● GIVEN DATA:
--------------------------------------------------
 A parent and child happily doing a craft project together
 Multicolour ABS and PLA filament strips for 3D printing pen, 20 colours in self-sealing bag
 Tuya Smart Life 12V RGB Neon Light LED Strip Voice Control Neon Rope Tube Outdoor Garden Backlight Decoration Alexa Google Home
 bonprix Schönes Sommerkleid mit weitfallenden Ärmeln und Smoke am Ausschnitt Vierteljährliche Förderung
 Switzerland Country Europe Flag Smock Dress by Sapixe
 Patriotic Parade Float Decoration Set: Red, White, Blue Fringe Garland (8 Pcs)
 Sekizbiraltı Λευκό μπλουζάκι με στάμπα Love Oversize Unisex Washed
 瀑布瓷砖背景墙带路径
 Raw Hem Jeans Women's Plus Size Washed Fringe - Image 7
--------------------------------------------------
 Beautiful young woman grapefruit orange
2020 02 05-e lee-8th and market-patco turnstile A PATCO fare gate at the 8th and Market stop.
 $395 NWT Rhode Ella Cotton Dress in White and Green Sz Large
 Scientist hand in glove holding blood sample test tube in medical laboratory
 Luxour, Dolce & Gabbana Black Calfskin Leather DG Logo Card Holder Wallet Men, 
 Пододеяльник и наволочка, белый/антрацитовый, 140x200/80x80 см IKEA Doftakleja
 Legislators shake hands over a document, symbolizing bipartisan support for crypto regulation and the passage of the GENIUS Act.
--------------------------------------------------
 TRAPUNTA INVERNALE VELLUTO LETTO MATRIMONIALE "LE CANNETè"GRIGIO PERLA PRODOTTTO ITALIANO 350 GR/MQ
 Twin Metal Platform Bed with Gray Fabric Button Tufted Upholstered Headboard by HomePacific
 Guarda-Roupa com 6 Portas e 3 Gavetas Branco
--------------------------------------------------
● ACTIVITY: Output only an exact transcription of the lines above from the one with "bonprix Schönes Sommerkleid" up to and including the one with "Raw Hem Jeans".

● THE ANSWER:
 bonprix Schönes Sommerkleid mit weitfallenden Ärmeln und Smoke am Ausschnitt Vierteljährliche Förderung
 Switzerland Country Europe Flag Smock Dress by Sapixe
 Patriotic Parade Float Decoration Set: Red, White, Blue Fringe Garland (8 Pcs)
 Sekizbiraltı Λευκό μπλουζάκι με στάμπα Love Oversize Unisex Washed
 瀑布瓷砖背景墙带路径
 Raw Hem Jeans Women's Plus Size Washed Fringe - Image 7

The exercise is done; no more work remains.